Content starts
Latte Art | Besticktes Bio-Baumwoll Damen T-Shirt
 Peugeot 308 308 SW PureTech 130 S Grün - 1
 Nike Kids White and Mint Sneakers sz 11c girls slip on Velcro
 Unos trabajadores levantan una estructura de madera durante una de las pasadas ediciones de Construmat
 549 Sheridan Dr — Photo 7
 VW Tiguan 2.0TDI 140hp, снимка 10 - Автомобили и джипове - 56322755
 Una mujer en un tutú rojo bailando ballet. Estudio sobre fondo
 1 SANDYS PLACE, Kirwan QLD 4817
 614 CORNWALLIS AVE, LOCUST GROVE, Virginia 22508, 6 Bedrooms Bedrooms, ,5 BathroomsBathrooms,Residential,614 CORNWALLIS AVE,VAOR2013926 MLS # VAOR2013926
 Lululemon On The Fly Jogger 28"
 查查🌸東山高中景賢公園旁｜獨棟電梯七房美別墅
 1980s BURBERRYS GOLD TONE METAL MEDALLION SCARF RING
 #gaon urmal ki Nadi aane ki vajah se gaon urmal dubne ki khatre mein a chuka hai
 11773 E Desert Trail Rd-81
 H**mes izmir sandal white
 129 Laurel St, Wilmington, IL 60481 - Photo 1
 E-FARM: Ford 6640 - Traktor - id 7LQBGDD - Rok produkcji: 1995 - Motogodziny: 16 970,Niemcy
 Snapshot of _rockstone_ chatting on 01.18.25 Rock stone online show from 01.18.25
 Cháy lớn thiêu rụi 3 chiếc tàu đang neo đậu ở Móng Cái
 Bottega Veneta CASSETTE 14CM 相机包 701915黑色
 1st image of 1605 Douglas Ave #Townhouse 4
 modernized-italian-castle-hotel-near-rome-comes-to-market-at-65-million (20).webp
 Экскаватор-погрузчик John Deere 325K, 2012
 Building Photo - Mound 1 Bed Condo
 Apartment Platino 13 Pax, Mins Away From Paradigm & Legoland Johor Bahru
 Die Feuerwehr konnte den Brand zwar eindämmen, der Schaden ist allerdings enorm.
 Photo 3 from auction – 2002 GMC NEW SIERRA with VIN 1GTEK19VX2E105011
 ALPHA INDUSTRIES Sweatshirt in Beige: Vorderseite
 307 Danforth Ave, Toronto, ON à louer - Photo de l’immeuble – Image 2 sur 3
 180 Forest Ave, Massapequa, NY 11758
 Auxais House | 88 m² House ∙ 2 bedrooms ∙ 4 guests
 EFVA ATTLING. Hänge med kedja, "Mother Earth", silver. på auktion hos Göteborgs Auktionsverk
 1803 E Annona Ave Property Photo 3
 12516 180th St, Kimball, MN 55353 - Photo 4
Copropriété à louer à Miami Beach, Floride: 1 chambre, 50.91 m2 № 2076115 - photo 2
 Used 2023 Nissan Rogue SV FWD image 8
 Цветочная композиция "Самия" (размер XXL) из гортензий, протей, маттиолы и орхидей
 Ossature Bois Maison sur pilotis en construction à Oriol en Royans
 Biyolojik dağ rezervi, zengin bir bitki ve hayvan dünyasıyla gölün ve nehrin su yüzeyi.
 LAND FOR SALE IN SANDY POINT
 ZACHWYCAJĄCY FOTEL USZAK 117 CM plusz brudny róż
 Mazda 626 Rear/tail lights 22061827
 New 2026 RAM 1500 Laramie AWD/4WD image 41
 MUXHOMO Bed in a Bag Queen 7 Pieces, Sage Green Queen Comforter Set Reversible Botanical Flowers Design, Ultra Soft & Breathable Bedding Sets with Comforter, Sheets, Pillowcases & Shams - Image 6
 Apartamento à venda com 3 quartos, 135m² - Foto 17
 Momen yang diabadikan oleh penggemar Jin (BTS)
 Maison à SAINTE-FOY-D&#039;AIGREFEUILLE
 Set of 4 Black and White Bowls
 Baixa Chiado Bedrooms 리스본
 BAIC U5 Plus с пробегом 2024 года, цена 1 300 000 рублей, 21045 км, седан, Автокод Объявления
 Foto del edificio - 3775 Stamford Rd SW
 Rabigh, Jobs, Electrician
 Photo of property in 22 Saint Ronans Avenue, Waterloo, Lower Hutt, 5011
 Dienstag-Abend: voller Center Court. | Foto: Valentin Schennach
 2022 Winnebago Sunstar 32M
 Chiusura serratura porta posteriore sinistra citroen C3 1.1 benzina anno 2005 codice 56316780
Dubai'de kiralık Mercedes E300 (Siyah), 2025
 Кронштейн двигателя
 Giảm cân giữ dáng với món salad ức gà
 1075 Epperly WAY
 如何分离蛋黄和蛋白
Content ends
BRIEF: Print exactly the lines of the listing above starting at the line containing "Mazda 626 Rear/tail lights 22061827" and ending at the line containing "New 2026 RAM 1500 Laramie AWD/4WD image 41", both included.

ANSWER TO THE EXERCISE:
 Mazda 626 Rear/tail lights 22061827
 New 2026 RAM 1500 Laramie AWD/4WD image 41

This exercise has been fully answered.